= The problem =
Copy every line of the data that contains the string "Imagem".

Top of Data for this task

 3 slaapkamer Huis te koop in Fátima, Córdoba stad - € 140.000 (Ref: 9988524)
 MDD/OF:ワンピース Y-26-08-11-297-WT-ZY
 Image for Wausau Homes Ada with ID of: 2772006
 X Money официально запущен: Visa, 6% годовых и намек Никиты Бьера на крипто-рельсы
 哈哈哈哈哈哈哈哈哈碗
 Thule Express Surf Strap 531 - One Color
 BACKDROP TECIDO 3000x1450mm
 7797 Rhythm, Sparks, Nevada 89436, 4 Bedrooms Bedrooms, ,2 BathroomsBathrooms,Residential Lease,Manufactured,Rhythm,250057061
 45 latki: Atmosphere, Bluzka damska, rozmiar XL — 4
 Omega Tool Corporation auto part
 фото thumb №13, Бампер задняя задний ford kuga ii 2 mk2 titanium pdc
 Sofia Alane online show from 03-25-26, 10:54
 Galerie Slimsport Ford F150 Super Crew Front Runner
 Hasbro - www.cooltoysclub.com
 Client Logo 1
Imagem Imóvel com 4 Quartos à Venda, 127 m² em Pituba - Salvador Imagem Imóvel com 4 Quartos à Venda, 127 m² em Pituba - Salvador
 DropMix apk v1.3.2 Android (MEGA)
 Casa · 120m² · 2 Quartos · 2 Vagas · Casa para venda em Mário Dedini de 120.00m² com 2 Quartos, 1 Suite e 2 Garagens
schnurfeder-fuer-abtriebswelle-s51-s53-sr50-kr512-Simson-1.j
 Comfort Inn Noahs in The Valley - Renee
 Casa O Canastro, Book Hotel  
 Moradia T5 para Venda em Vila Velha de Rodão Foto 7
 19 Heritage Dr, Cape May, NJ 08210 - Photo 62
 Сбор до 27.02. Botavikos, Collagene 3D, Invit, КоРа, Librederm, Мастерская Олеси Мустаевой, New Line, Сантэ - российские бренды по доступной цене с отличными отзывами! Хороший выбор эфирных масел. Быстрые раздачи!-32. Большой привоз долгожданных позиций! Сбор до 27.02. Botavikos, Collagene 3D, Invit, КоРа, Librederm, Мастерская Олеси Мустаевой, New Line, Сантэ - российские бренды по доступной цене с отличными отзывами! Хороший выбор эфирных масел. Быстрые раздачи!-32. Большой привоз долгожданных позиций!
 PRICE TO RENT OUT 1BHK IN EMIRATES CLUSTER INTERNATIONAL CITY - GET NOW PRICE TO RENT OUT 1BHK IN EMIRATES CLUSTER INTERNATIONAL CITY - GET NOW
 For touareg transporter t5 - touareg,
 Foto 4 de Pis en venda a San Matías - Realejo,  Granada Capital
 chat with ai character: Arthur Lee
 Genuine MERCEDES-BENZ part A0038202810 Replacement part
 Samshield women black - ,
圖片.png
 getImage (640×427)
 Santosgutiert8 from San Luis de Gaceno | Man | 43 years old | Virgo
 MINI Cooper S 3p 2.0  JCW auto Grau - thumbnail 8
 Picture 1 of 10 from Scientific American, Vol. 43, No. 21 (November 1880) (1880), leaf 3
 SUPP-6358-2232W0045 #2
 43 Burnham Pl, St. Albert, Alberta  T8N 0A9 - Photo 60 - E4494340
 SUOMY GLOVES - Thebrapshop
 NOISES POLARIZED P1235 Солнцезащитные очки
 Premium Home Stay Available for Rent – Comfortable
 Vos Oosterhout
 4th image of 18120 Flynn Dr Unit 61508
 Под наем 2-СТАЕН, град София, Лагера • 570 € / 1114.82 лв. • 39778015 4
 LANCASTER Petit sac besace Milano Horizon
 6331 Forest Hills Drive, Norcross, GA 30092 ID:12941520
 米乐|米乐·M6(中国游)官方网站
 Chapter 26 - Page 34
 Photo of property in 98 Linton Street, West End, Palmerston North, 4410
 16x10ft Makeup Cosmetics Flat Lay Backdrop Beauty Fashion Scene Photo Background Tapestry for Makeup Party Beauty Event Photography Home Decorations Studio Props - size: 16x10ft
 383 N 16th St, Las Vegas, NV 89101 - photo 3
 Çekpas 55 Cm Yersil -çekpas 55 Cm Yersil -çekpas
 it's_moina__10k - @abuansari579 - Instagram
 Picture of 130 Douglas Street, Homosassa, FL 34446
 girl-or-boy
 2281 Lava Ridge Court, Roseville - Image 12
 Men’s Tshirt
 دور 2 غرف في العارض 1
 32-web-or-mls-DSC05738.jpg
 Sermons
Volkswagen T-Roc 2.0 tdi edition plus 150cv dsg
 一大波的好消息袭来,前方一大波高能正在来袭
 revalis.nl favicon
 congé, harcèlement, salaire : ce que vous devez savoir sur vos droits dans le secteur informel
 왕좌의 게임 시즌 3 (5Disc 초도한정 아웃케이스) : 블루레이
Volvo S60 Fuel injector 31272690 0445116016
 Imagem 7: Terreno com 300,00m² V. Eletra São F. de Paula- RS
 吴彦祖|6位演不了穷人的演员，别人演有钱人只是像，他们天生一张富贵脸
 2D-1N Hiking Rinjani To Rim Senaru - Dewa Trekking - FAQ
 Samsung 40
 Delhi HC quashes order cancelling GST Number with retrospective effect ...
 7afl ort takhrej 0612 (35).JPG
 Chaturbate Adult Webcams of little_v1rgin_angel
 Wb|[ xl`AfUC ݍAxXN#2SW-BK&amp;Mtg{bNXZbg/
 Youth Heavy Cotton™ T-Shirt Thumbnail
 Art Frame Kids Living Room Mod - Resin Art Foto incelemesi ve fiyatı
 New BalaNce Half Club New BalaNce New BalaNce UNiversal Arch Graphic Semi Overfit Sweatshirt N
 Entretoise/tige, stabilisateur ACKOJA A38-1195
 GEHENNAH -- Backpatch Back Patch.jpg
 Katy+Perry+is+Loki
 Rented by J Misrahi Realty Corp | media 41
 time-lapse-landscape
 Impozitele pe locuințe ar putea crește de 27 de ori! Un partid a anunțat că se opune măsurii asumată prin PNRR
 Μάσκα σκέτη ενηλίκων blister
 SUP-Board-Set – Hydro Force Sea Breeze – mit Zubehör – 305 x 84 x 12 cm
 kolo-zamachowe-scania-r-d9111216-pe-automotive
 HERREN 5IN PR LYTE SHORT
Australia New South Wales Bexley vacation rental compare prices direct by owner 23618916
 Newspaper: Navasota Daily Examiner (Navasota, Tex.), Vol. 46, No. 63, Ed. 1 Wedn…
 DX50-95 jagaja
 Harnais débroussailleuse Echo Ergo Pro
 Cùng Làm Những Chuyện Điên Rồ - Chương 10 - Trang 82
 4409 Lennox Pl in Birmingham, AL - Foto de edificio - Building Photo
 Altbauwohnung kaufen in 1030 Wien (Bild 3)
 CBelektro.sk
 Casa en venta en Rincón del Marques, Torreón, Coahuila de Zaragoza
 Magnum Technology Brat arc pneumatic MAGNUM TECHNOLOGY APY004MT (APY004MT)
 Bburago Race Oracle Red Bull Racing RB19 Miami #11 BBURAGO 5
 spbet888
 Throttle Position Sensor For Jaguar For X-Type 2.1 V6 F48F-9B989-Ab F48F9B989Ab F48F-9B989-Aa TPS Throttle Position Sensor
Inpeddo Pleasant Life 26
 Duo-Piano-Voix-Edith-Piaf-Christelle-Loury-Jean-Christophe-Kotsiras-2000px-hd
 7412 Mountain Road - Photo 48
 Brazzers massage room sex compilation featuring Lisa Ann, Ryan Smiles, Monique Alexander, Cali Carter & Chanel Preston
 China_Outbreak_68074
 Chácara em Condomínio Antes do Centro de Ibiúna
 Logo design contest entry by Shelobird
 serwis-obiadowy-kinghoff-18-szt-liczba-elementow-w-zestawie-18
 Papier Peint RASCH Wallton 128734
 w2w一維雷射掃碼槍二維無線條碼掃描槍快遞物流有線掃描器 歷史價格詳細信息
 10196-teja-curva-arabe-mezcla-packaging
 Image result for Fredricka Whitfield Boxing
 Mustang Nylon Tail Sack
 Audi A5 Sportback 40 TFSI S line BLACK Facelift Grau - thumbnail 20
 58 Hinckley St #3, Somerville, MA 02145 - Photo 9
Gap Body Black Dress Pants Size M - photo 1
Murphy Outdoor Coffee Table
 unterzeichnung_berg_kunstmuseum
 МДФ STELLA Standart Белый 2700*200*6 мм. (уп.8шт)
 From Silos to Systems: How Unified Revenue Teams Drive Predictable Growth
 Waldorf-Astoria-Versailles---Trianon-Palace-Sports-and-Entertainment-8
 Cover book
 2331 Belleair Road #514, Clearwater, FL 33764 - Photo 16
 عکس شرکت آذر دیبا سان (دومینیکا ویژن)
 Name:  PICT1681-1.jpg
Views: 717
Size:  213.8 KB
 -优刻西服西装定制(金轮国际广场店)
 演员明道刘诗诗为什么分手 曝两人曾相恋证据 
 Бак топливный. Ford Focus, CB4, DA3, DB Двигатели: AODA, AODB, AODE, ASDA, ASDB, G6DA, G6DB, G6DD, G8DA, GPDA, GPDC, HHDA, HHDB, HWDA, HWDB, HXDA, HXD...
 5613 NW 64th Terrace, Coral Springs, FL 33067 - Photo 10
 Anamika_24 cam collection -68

Bottom of Data for this task

= Your solution =
Imagem Imóvel com 4 Quartos à Venda, 127 m² em Pituba - Salvador Imagem Imóvel com 4 Quartos à Venda, 127 m² em Pituba - Salvador
 Imagem 7: Terreno com 300,00m² V. Eletra São F. de Paula- RS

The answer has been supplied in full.